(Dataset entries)
- Opening Delimiter -

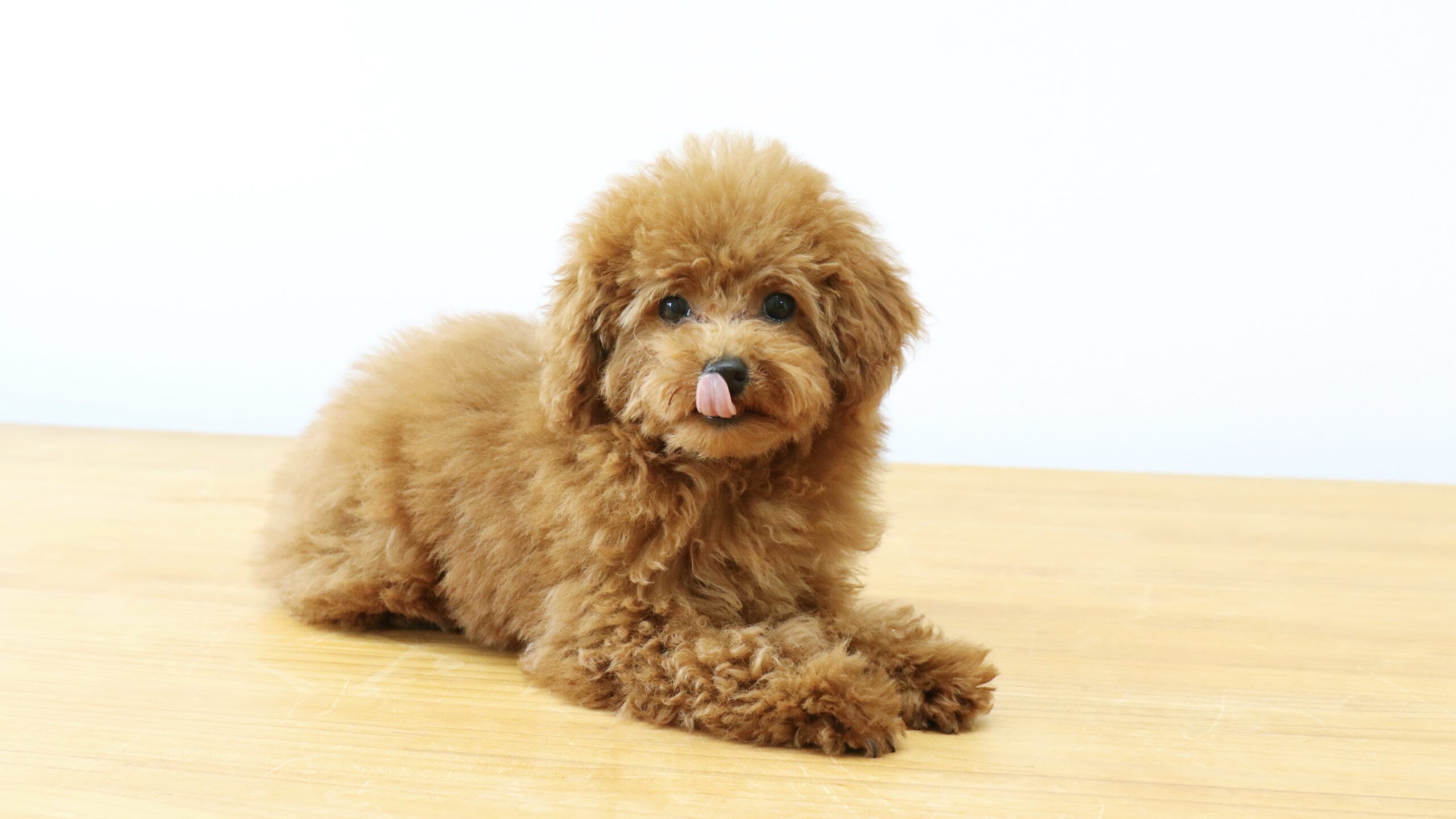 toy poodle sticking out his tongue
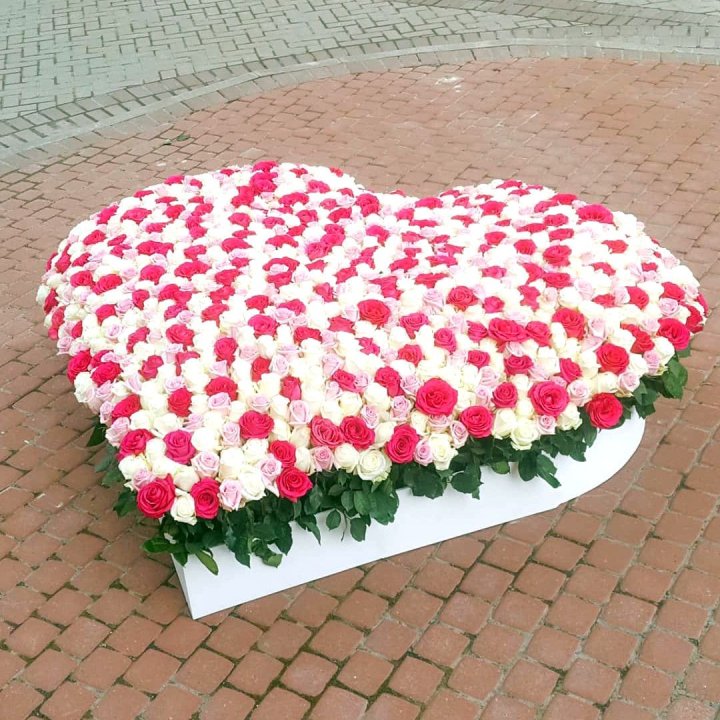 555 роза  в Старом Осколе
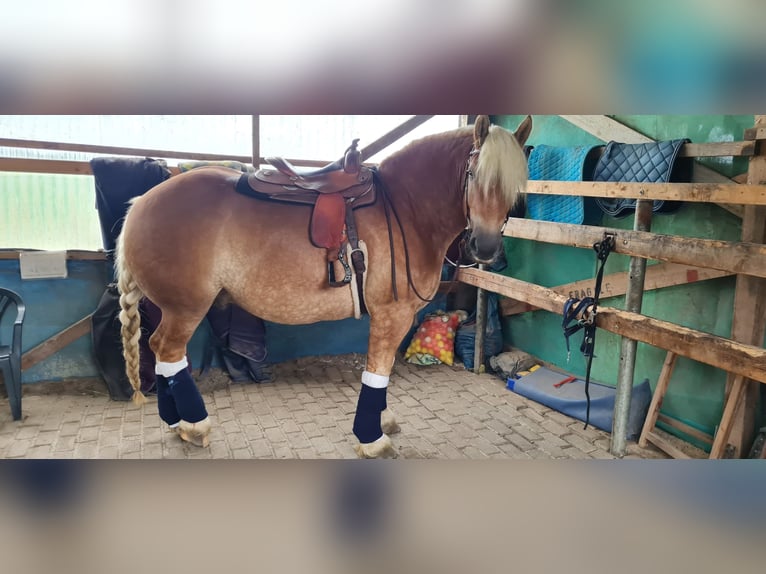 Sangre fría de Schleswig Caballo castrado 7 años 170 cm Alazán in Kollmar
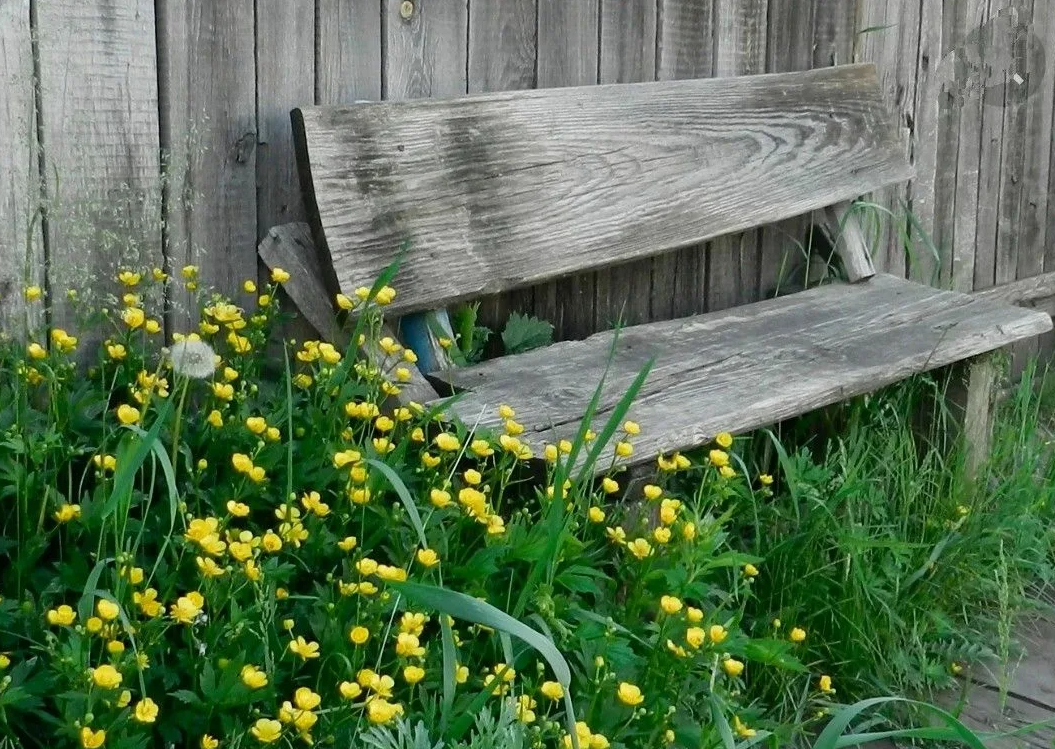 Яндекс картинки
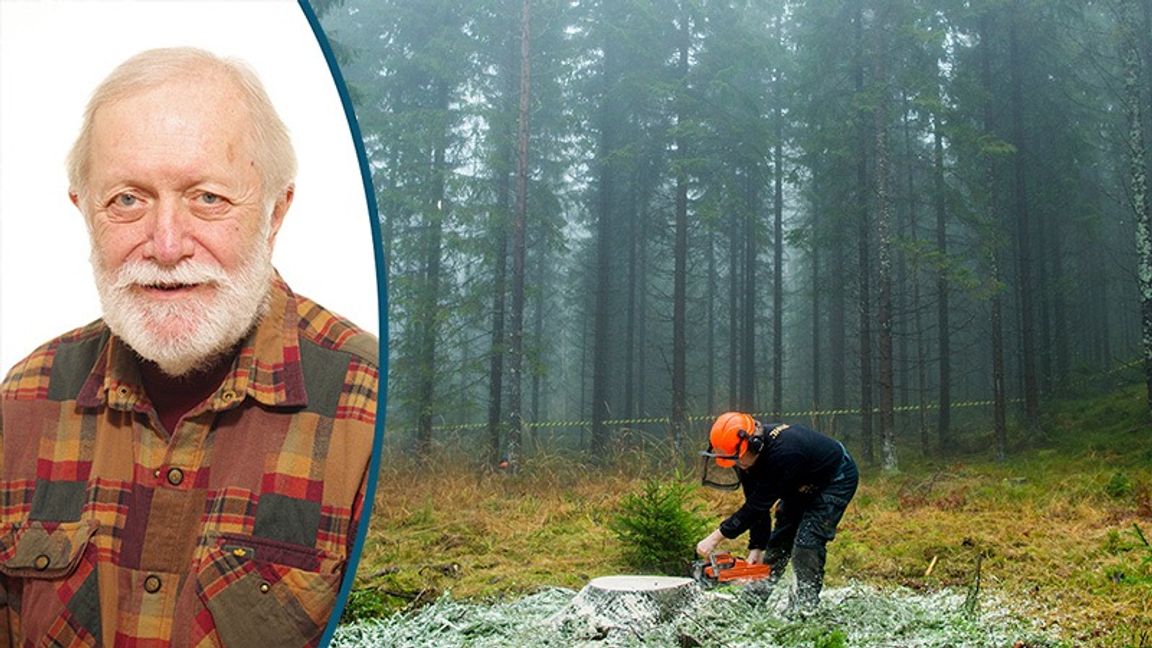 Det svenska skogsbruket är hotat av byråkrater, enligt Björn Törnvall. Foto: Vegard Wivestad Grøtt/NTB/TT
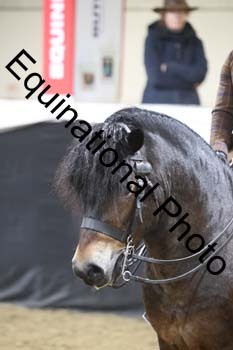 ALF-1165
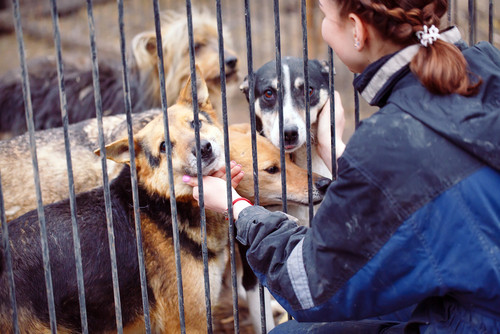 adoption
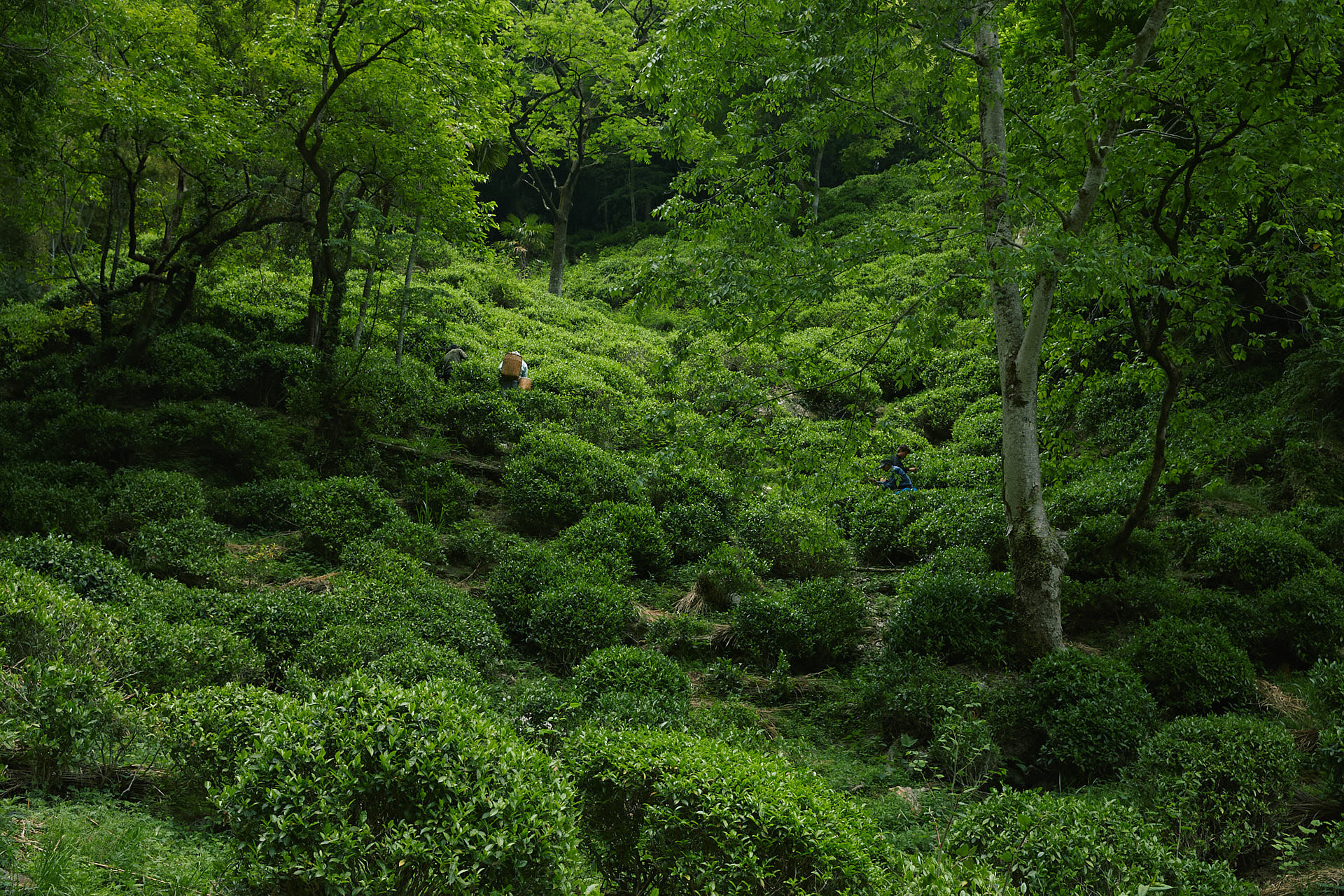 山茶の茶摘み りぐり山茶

- Closing Delimiter -

◆ Required action: When you reproduce the data shown above, keep each line exact and omit every picture.

◆ Written response:
 toy poodle sticking out his tongue
 555 роза  в Старом Осколе
 Sangre fría de Schleswig Caballo castrado 7 años 170 cm Alazán in Kollmar
 Яндекс картинки
 Det svenska skogsbruket är hotat av byråkrater, enligt Björn Törnvall. Foto: Vegard Wivestad Grøtt/NTB/TT
 ALF-1165
 adoption
 山茶の茶摘み りぐり山茶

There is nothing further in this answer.